Uno scherzo di dubbio gusto

E' successo tutto nel giro di poche ore: Square Enix aveva organizzato per Hitman: Absolution una campagna promozionale che poteva suonare simpatica, ma che è parsa subito di un gusto alquanto dubbio, nella quale si invitava gli utenti ad assoldare l'Agente 47 per "eliminare gli amici" su Facebook.

In pratica, attraverso un sito (poi rimosso dallo stesso publisher) collegato a Facebook si trattava di selezionare un soggetto da colpire e le motivazioni per cui tale soggetto andava eliminato.

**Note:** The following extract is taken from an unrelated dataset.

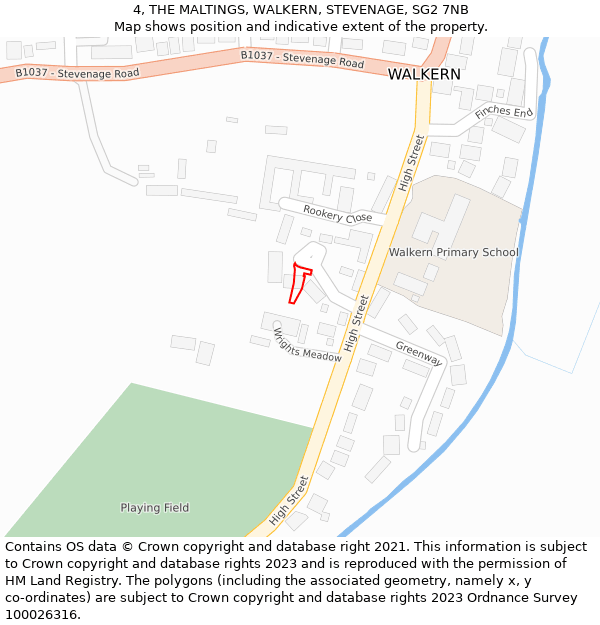 4, THE MALTINGS, WALKERN, STEVENAGE, SG2 7NB: Location map and indicative extent of plot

A parte l'azione stessa (ovviamente simulata e sopra le righe) anche le motivazioni proposte sfociavano facilmente nel sessismo o nel cyber-bullismo, per così dire, comprendendo apprezzamenti ben poco lusinghieri sull'aspetto fisico tra cui le dimensioni del seno (per le femmine) e del pene (per i maschi).

Dopo aver selezionato tutto questo, potevamo assistere ad un'animazione in cui l'Agente 47 puntava l'immagine del profilo di Facebook del soggetto scelto con uno dei suoi simpatici fucili di precisione silenziati. Ora, i videogiocatori magari hanno una buona dose di autoironia per prendere filosoficamente uno scherzo del genere, ma effettivamente ce n'era abbastanza per far alzare qualche sopracciglio, se non peggio (il bullismo, sebbene nella variante "cyber", è materia da trattare con una certa attenzione), tanto da convincere Square Enix a eliminare subito la campagna promozionale virale, nonostante questa fosse stata organizzata da un'agenzia considerata rinomata nell'ambito come Ralph, con tanto di scuse ufficiali da parte del publisher.